I was 13 when I heard Dr. King speak those words on our black and white Admiral TV set. I was part of the "new generation" to whom the torch had been passed, as President John F. Kennedy said in his Inaugural speech, and I felt King was speaking directly to me, as if he knew my secret alienation and desperate longing to belong. I was on the cusp of being an alcoholic Aquarian - a citizen of the world too ashamed of these furtive feelings for girls to allow myself to be authentic. But thanks to Dr. King and the civil rights movement, I was developing a deeply human sense of empathy.

It started when I was five. My father was deputy base commander at Tachikawa Air Force Base near Tokyo, Japan and I was bused to the civilian school off-base. Every now and then a large band of loud and violent Japanese college students waving signs that said "Yankee Go Home!" shouted at me and the other kids on the bus - scaring the shit out of us. Sometimes they would get so close to the window, I thought they'd break it, snatch me and spirit me away to kill me.

They hated me and I didn't know why. I never told my parents how frightened I was - a military brat is not supposed to show pain or fear. And when I asked Re San, the woman who took care of my brother and me, she said it was to be expected: how would I feel if some outside force came and occupied my country? Now I felt fear and guilt.

When my father was finally transferred back to the states, I watched in horror as the backlash against the civil rights movement unfolded on TV. I ached with anguish when I saw the crisis around black students trying to integrate Central High School in Little Rock in 1957. My father, who had once wanted to be a journalist, tried to explain what was happening, given my confusing context of the newly integrated military.

But when I saw news reports in 1960 about little 6-year-old Ruby Bridges escorted to school by federal marshals, I identified in the deepest recesses of my being: I knew she must be scared to death and I wondered if she was asking herself, "Why do they hate me so much?"

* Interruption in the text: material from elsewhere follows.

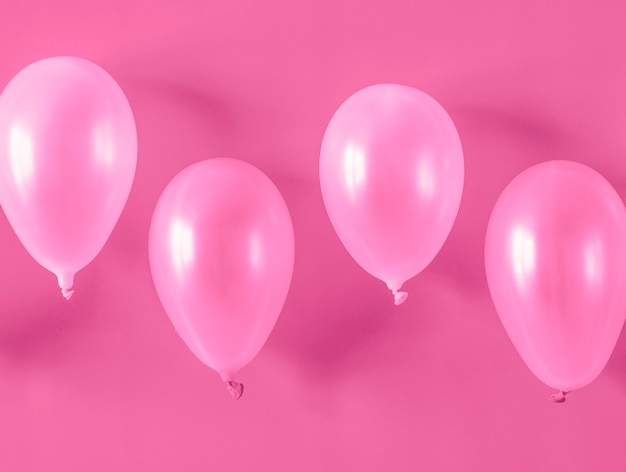 Pink balloons on pink background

It was something I wondered if young Anne Frank asked, too, after reading her diary about how her Jewish family escaped from the Nazis for a while during the Holocaust. What struck me then and haunts me still is how, amidst all the mindless, banal cruelty, she could still believe in the inner "goodness" of people.

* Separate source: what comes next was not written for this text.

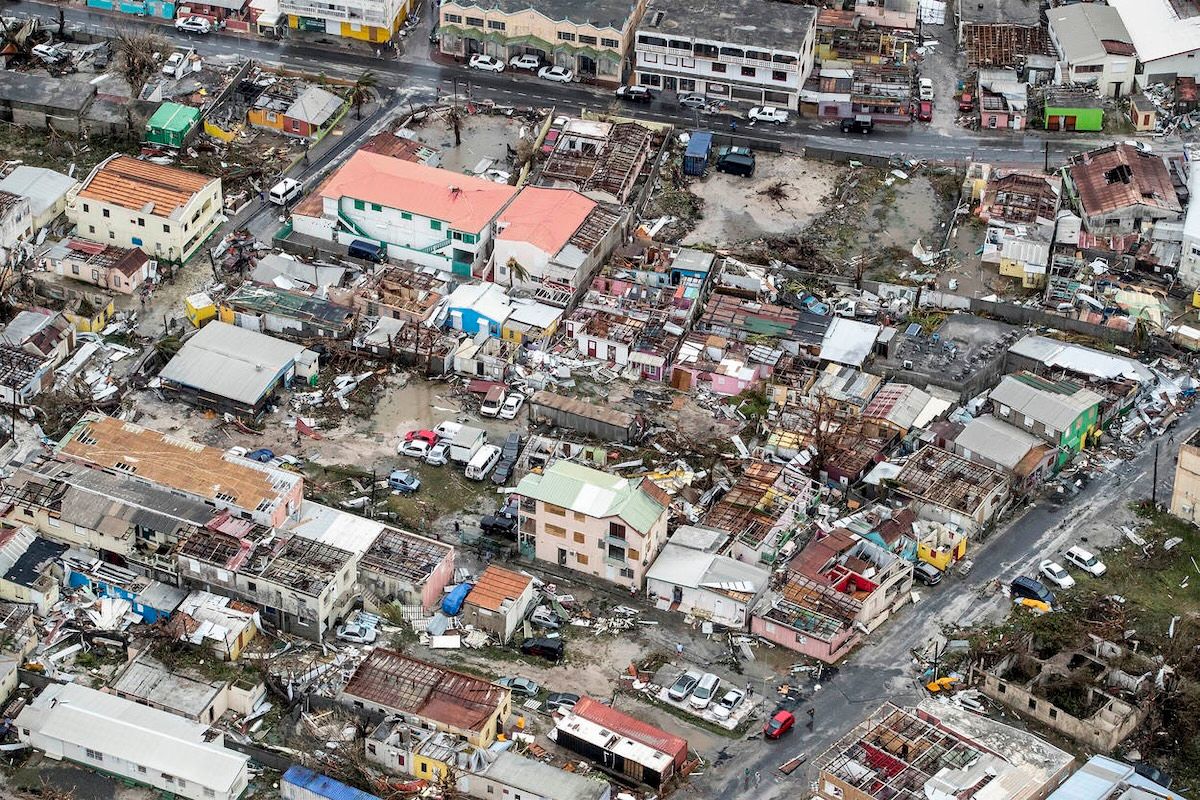 An aerial photograph of a Sint Maarten neighbourhood after Hurricane Irma, with roofs torn off dozens of houses, debris scattered across yards and streets, and damaged vehicles among the wreckage.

Martin Luther King Jr.'s "I Have a Dream" speech brought it all home: we must stand up for what is right - for justice and equality - but we must also try to find that "goodness" in ourselves and others to allow for grace, healing and hope for a better future for us all.

It's not easy. About two months before King's speech - civil rights leader Medgar Evers was shot dead in his driveway and about two weeks after King's speech, on Sept. 15m, 1963, four little girls were murdered in a Ku Klux Klan bombing at the 16 Street Baptist Church. Four little girls in the church basement, getting ready for to pray and listen to a sermon entitled "The Love That Forgives." The sermon never took place because of the bombing.

Two months later, JFK was assassinated; the following year, three civil rights workers were murdered - one black, two white, in Mississippi; the year after that, in 1965, Malcolm X - who had just grasped that blond-haired, blue eyed Muslims participated in the Hajj too - was murdered; and on April 4, 1968, Martin Luther King Jr. was assassinated, followed two months later by the assassination of presidential candidate Robert F. Kennedy.

Why did "they" hate these men so much?

And yet - while we remember the hate as if it occurred to us personally - we also aspire to live the hope, the dream where love does forgive and a common bond can be forged out of mutual respect and dignity. That was our Age of Aquarius, our counter-cultural revolution that espoused making love, not war.

And for articulating and walking that dream, we will continue to honor Rev. Dr. Martin Luther King, Coretta Scott King, Bayard Rustin, and all who follow in their footsteps. And to them all, we say, thank you.

Postscript: I ran into one of those Japanese protesters in the mid-70s when he was a correspondent for the Japanese Tokyo Broadcasting System and I was an associate producer at CBS News. We laughed about the small world and drank together at a Japanese piano bar after work - until he got re-assigned and I got clean and sober in 1980.